The algorithm has two parts: filling the table, and returning the derivations. In the first part of the algorithm, we go over every subset of $\mathsf{children}(x)$, $Y\subseteq \mathsf{children}(x)$, and for each one we call Algorithm 8. Thus we call Algorithm 8 $O(2^{|\mathsf{children}(x)|})=O(2^{\gamma })$ times. In the second part of the algorithm, after the table is full, for every $0\le k_T\le d_T,0\le k_S\le d_S,0\le pos\le \mathsf{span}(x)-k_T$, we return the minimum over $score\in ScoreSet$ such that the value of the corresponding entry of the table is positive. Hence, the second part of the algorithm takes $O(d_T{d}_{S}m(d_T+d_S+m+n))$ time.

From Lemma 7.2, the Internal P-Mapping algorithm takes $O(2^{\gamma }{\gamma }^4{m}^2{n}^2{d}_T^2{d}_S^2(d_T+d_S+m+n))$ time and $O({\gamma }^{2}nm{d}_T{d}_S(d_T+d_S+m+n))$ space. Thus, in total, our algorithm runs in $O(2^{\gamma }{2}^{\gamma }{\gamma }^4{m}^2{n}^2{d}_T^2{d}_S^2(d_T+d_S+m+n))=O(2^{2\gamma }{\gamma }^4{m}^2{n}^2{d}_T^2{d}_S^2(d_T+d_S+m+n))$ time. Adding to the space required for table the space required for the P-Mapping2 algorithm results in a total space complexity of $O(d_T{d}_{S}m(d_T+d_S+m+n))+O({\gamma }^{2}nm{d}_T{d}_S(d_T+d_S+m+n))=O({\gamma }^{2}nm{d}_T{d}_S(d_T+d_S+m+n))$. $\square$

Lemma 7.4

The main algorithm, Algorithm 4, using the improved P-Mapping algorithm, takes $O(n{\gamma }^2{d_T}^2{d_S}^2{m}^2(m_p·2^{2\gamma }{\gamma }^{2}n(d_T+d_S+m+n)+m_q))$ time and $O({\gamma }^{2}n{m}^2{d}_T{d}_S(d_T+d_S+m+n))$ space.

Proof

The number of leaves in the PQ-tree T is m, hence there are O(m) nodes in the tree, i.e the size of the first dimension of the DP table, $\mathcal{A}$, is O(m). The size of the second dimension (i.e. pos), in the worst case (where x is the root), is $\mathsf{span}(x)=m$. In the algorithm description (“The main algorithm” section) a bound for the possible start indices of subsequences derived from nodes in T is given (for a node x, the start index i runs between 1 and $n-(\mathsf{span}x-d_T)+1$). The node with the largest span in T is the root that has a span of m. The root is mapped to the longest subsequence when there are $d_S$ deletions from the string. Hence, the size of the third dimension of $\mathcal{A}$ is $O(n-(m+d_S)+1)=O(n)$. The fourth and the fifth dimensions of $\mathcal{A}$ are of size $d_T+1$ and $d_S+1$, respectively. In total, the DP table $\mathcal{A}$ is of size $O(d_T{d}_S{m}^{2}n)$.

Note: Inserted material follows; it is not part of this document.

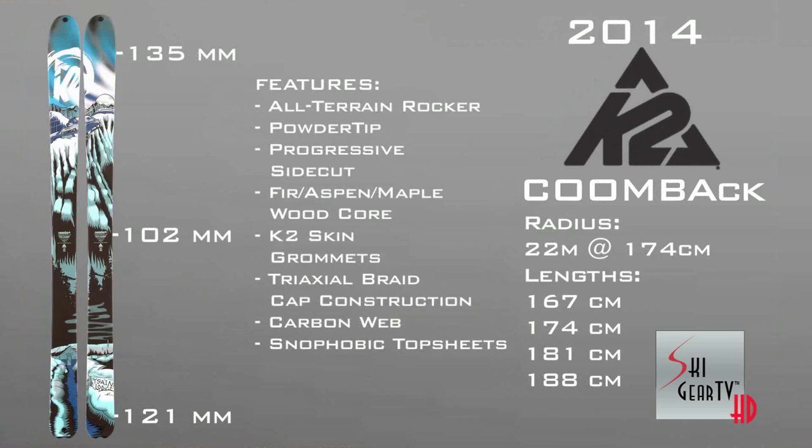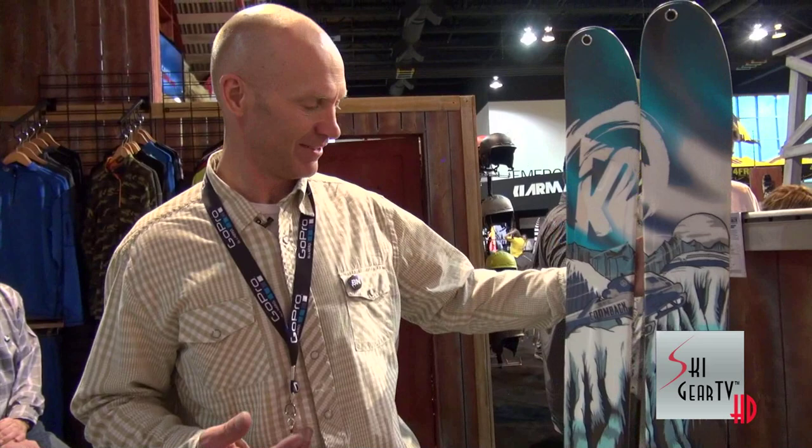You'll see more different bindings on this, from Dynafits to Dukes to Alpine bindings. Fairly lightweight ski but still skis pretty strong — an awesome all-around ski, I think Doug would be proud. So that's the Backside Collection for 2014. Get to your nearest K2 dealer and check them out.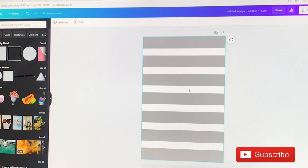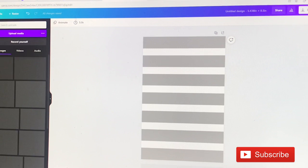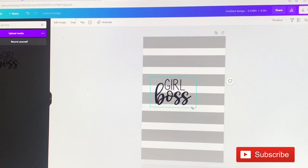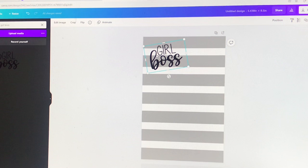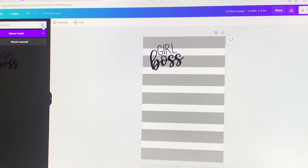Now let's grab the girl boss graphic. In my Uploads, you grab whatever you want, but I'm going to pull in the girl boss. This is an SVG — I honestly can't remember where I grabbed it from. I think this is one of the graphics I grabbed before I even knew what SVGs were, how they work, how you're supposed to use them. I love that print. I'm not good with fonts, so I'll leave that. Now let's grab a doll.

In the initialization step $O(d_T{d}_S{m}^{2}n)$ entries of $\mathcal{A}$ are computed. We go over $0\le k_S\le d_S$ and $pos\in \{0,1\}$. The most time consuming is the generation of the set $I_{x,S,i,k_S,pos}$, and can be generated in $O(|\mathsf{children}(x)|)=O(\gamma )$ time. Thus the initialization takes $O(d_T{d}_S{m}^{2}n\gamma )$. The improved P-Mapping algorithm is called for every P-node in T and every possible start index i, i.e. the P-Mapping algorithm is called $O(n{m}_p)$ times. Similarly, the Q-Mapping algorithm is called $O(n{m}_q)$ times. Thus, it takes $O(d_T{d}_S{m}^{2}n\gamma )+O(n(m_p·\text{Time(P-Mapping)}+m_q·\text{Time(Q-Mapping)}))$ time to fill the DP table. In the final stage of the algorithm, the minimum over the entries corresponding to every combination of ($0\le k_T\le d_T$, $0\le k_S\le d_S,1\le i\le n-(\mathsf{span}(x)-d_T)+1\},0\le pos\le \mathsf{span}(roo{t}_T)-k_T$) is computed. So, it takes $O(d_T{d}_{S}nm)$ time to find a derivation with minimum score.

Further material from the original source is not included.